Wednesday, 7 March 2012
Irony
The irony is that you set out to go for pleasant country walks hoping to enjoy unconfined wildlife in order to escape the scheming, the machinations and the skulduggery that so often goes with aspects of human affairs; and what do you find? Deception, fraudulent claims, spin and skulduggery; and you meet the kind of people who can live with it and even promote more of it. Not difficult to understand why you don’t see them spending much time out on the land themselves apart from in the line of duty: they know you can’t come here to escape the kind of racket they go in for themselves.
What brings on these thoughts? Simply the accumulating evidence that the conservation industry is hell-bent on deceiving the public into thinking that they (the public) are being consulted on the future of the Sheffield Moors. In reality they’ve already decided what they intend to do and have calculated how much they will get out of it. The present series of meetings run by the Sheffield Moors Partnership is a stitch-up and nobody seriously believes otherwise including, I guess, those who are planning them (particularly them).

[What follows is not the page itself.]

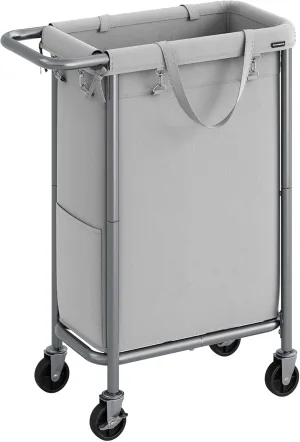 SONGMICS Laundry Basket with Wheels, Rolling Laundry Hamper, 23.8 Gallons (90L), Removable Liner, Steel Frame with Handle, Blanket Storage, 24 x 11.4 x 31.9 Inches, Dove Grey URLS003G01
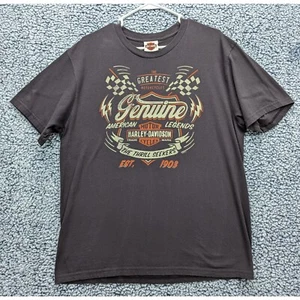 Camisa retro Harley Davidson para hombre L doble cara Geneva NY motociclista motocicleta gris - Imagen 1 de 12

The admission that funding provides a significant motivation was hardly avoidable. It was put in terms of scale – a larger area would be able to attract more money than several smaller sites. But we know that there is very little if any public involvement in these decisions and that the larger the unit the less say the people will get. It was always true. And for us on Blacka that will distance us once again from the important point of decision and give Sheffield Wildlife Trust an extended comfort zone to shrug off criticism and accountability.